The paper introduces the use of DAGs to represent meta-reasoning skeletons, allowing for a flexible and more nuanced structure that reflects the logical dependencies present in complex reasoning tasks. The DAG-based representation subsumes traditional sequential, parallel, and tree-based skeletons, offering a comprehensive and adaptable search space for meta-reasoning schemas.

Dynamic Skeleton Sampling

The AutoMR framework introduces a dynamic skeleton sampling algorithm that builds reasoning structures on-the-fly during the reasoning process. This algorithm operates by incrementally constructing the skeleton in topological order, allowing adaptation to evolving base reasoning contexts. Each potential reasoning step is evaluated within its context, ensuring that the resultant reasoning paths are efficient and context-sensitive.

Search Strategy

The search problem is framed as finding the optimal policy that maximizes reasoning performance by effectively guiding the LLM through the reasoning process. This policy is governed by a Meta-Level Policy Network, implemented using a multi-layer perception (MLP). The network determines potential edges and strategies dynamically as reasoning progresses, ensuring that meta-reasoning is contextually relevant.

Experimental Results

The paper presents extensive evaluations across multiple datasets, focusing on both math-based Q&A tasks and general multiple-choice queries.

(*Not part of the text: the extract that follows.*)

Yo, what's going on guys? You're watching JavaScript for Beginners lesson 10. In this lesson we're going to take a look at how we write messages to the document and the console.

AutoMR demonstrates clear improvements over baseline meta-reasoning strategies, including MRP and rStar, highlighting its capacity for efficient adaptation and optimal reasoning guidance.

Performance metrics across challenging datasets such as GSM8K and MMLU-Pro indicate that AutoMR not only improves accuracy but also scales more efficiently with increased token budgets, compared to traditional sequential and tree-structured methods.

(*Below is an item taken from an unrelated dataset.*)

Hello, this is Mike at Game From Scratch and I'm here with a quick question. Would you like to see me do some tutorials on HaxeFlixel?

Implications and Future Directions

The AutoMR framework opens up new possibilities for augmenting LLM reasoning by using meta-reasoning strategies that are both dynamic and context-aware. By exploring the DAG-based search space, the framework identifies reasoning paths that optimize accuracy and efficiency for various types of tasks.

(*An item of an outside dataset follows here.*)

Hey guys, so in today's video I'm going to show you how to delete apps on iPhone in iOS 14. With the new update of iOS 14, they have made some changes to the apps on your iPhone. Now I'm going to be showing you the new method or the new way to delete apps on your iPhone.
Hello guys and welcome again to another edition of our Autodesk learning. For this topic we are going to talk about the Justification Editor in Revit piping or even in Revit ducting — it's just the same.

Future research could expand upon this by integrating additional elements of human cognition, such as uncertainty quantification and adaptive recalibration, into the reasoning process. Moreover, further exploration of how these dynamic skeletons can be applied to other AI challenges, such as real-time decision-making or multi-modal reasoning, could offer significant advancements.

Conclusion

The "Searching Meta Reasoning Skeleton to Guide LLM Reasoning" paper provides a substantive contribution to enhancing the flexibility and effectiveness of LLM reasoning. By leveraging DAGs for dynamic skeleton composition, it overcomes previous limitations of static reasoning frameworks. The results indicate a promising direction for future research into adaptive and context-sensitive reasoning systems, potentially extending the applicability of LLMs in complex cognitive tasks.